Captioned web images
◆ ◆ ◆ ◆ ◆ ◆ ◆

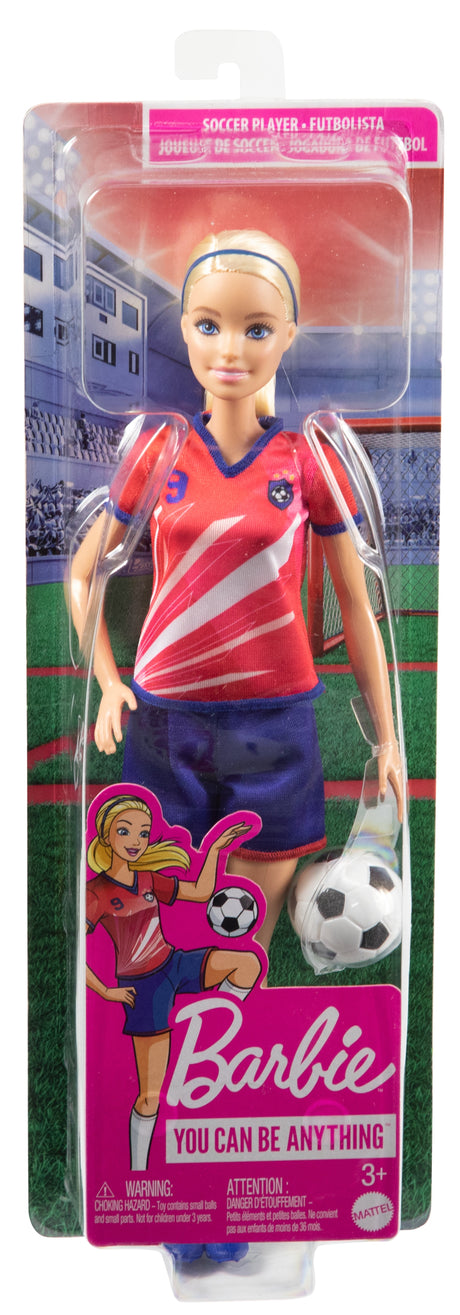 Barbie - Barbie Footballeuse - Poupée Mannequin - Des 3 ans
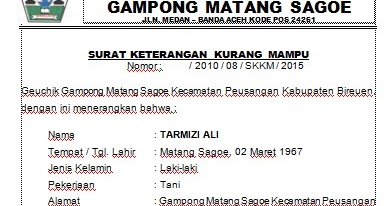 Detail Cara Buat Surat Keterangan Tidak Mampu Nomer 52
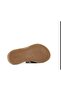 Women's Genuine Leather Straw Detailed Comfortable Flat Slippers - 5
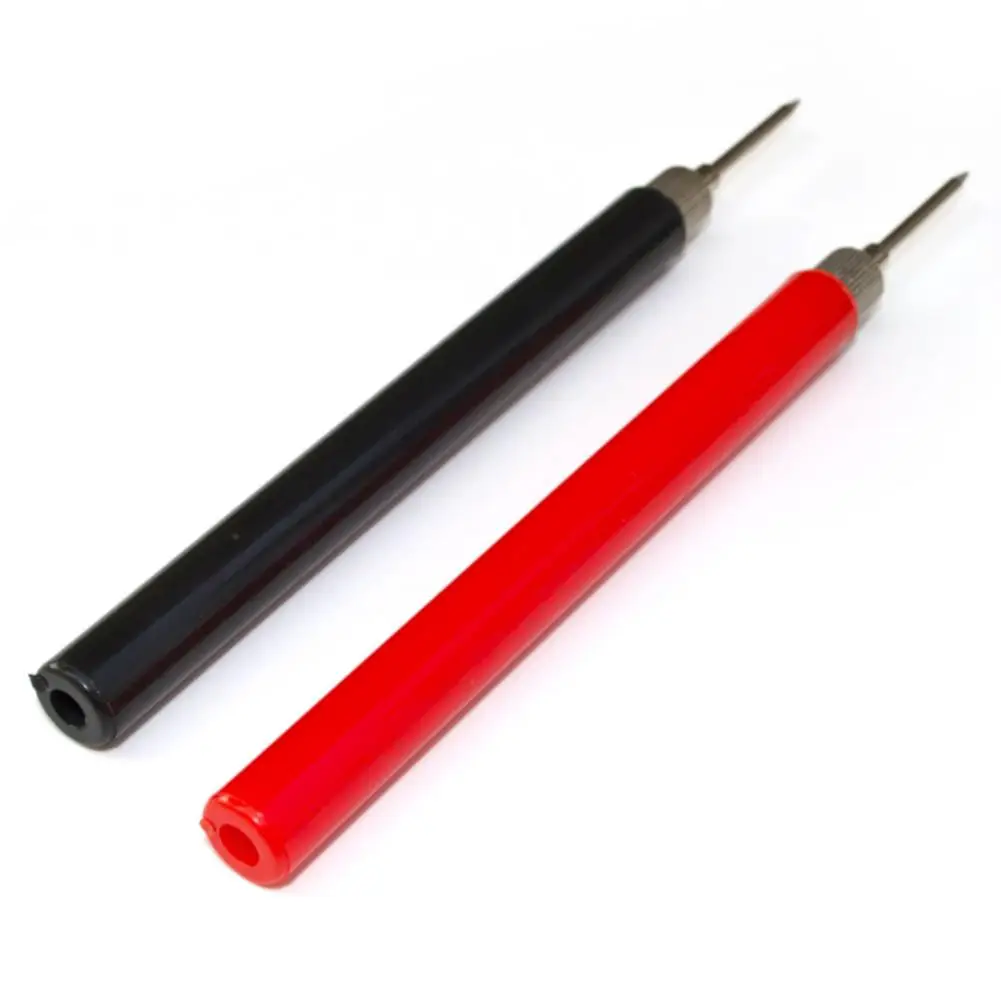 1 Pair 120mm Spring Test Probe Tips Insulated Test Hook Wire Connector For Multimeter Stainless Steel Needle Leads Pin
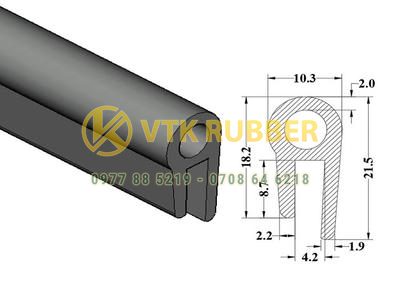 Công ty bán gioăng silicon chữ U, chữ V chèn cửa kính ở Lai Châu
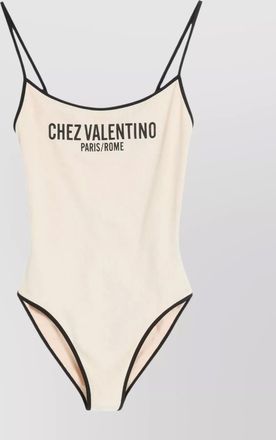 Valentino Garavani printed one-piece swimsuit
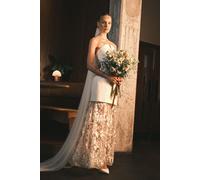 Coast Women's Structured Bandeau Maxi Wedding Dress with Lace Skirt in Ivory | Size: 16 Coast Ivory 16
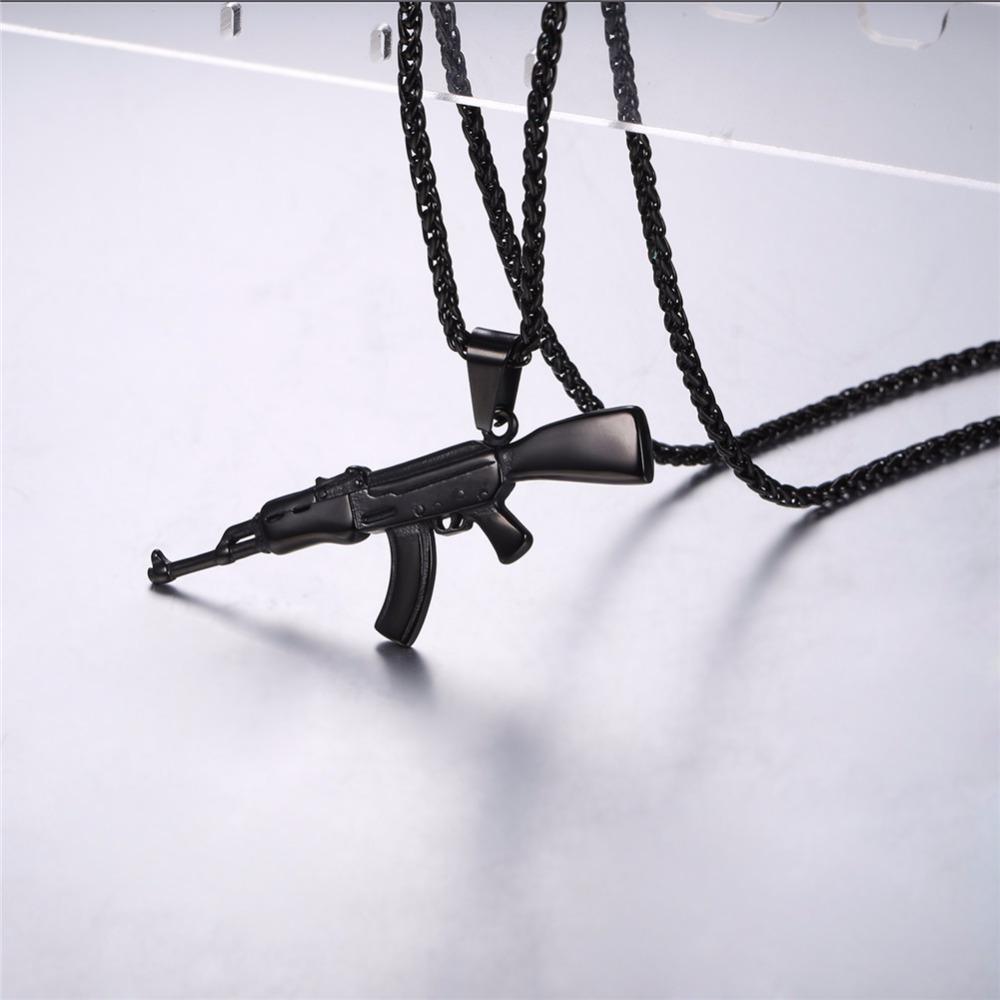 AK-47 Rifle Necklace steel/black - Shop-Tetuan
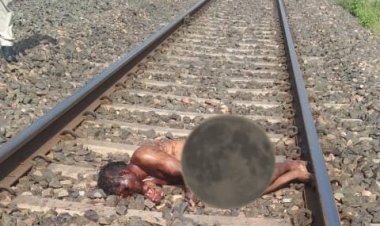 न्यूड अवस्था मे रेल ट्रैक पर मिली लाश, हत्या या रेल हादसा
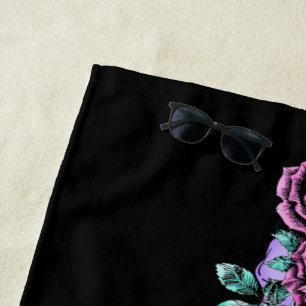 Serviette de plage gothique Bouquet
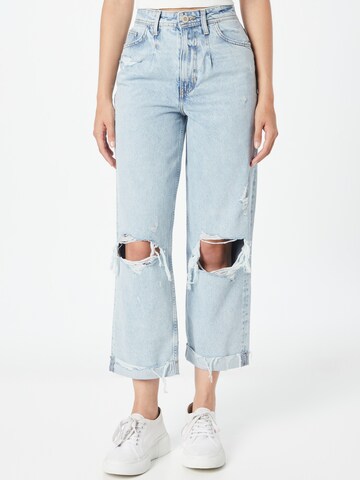 River Island Loosefit Bandplooi jeans in Blauw: voorkant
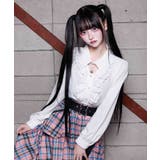 白 | ハートチャームフリルブラウス | axes femme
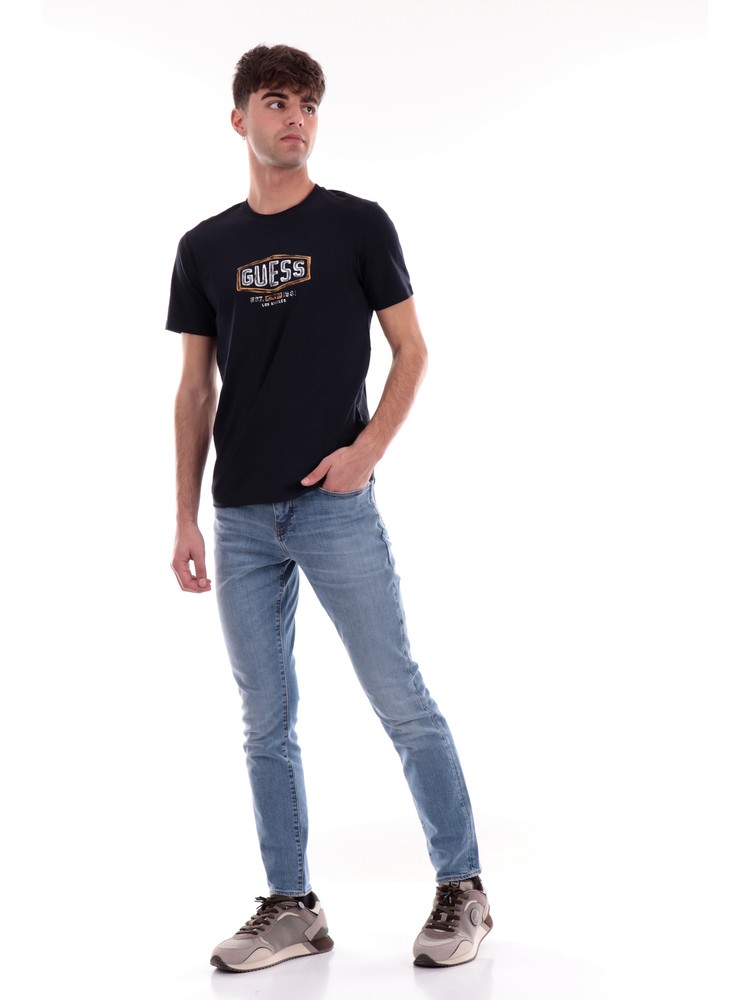 t-shirt-guess-blu-da-uomo-con-box-logo-vintage-crack-m4ri33j1314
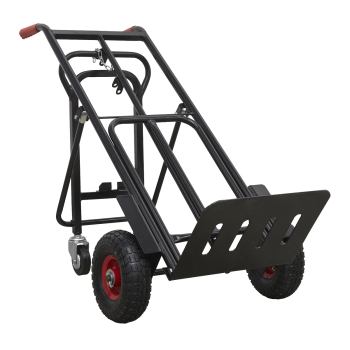 Sealey CST989HD Premier Heavy-Duty 3-in-1 Sack Truck with PU Tyres 300kg Capacity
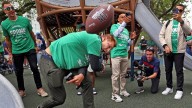 Rob Gronkowski credited fans at 'Gronk Playground' dedication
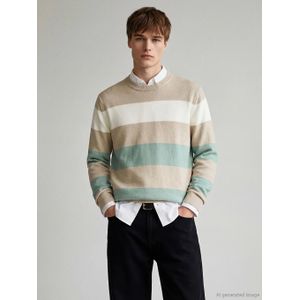 LC Waikiki Crew Neck Long Sleeve Striped Men's Knitwear Sweater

◆ ◆ ◆ ◆ ◆ ◆ ◆

Output the data verbatim, images excluded.

 Barbie - Barbie Footballeuse - Poupée Mannequin - Des 3 ans
 Detail Cara Buat Surat Keterangan Tidak Mampu Nomer 52
 Women's Genuine Leather Straw Detailed Comfortable Flat Slippers - 5
 1 Pair 120mm Spring Test Probe Tips Insulated Test Hook Wire Connector For Multimeter Stainless Steel Needle Leads Pin
 Công ty bán gioăng silicon chữ U, chữ V chèn cửa kính ở Lai Châu
 Valentino Garavani printed one-piece swimsuit
 Coast Women's Structured Bandeau Maxi Wedding Dress with Lace Skirt in Ivory | Size: 16 Coast Ivory 16
 AK-47 Rifle Necklace steel/black - Shop-Tetuan
 न्यूड अवस्था मे रेल ट्रैक पर मिली लाश, हत्या या रेल हादसा
 Serviette de plage gothique Bouquet
 River Island Loosefit Bandplooi jeans in Blauw: voorkant
 白 | ハートチャームフリルブラウス | axes femme
 t-shirt-guess-blu-da-uomo-con-box-logo-vintage-crack-m4ri33j1314
 Sealey CST989HD Premier Heavy-Duty 3-in-1 Sack Truck with PU Tyres 300kg Capacity
 Rob Gronkowski credited fans at 'Gronk Playground' dedication
 LC Waikiki Crew Neck Long Sleeve Striped Men's Knitwear Sweater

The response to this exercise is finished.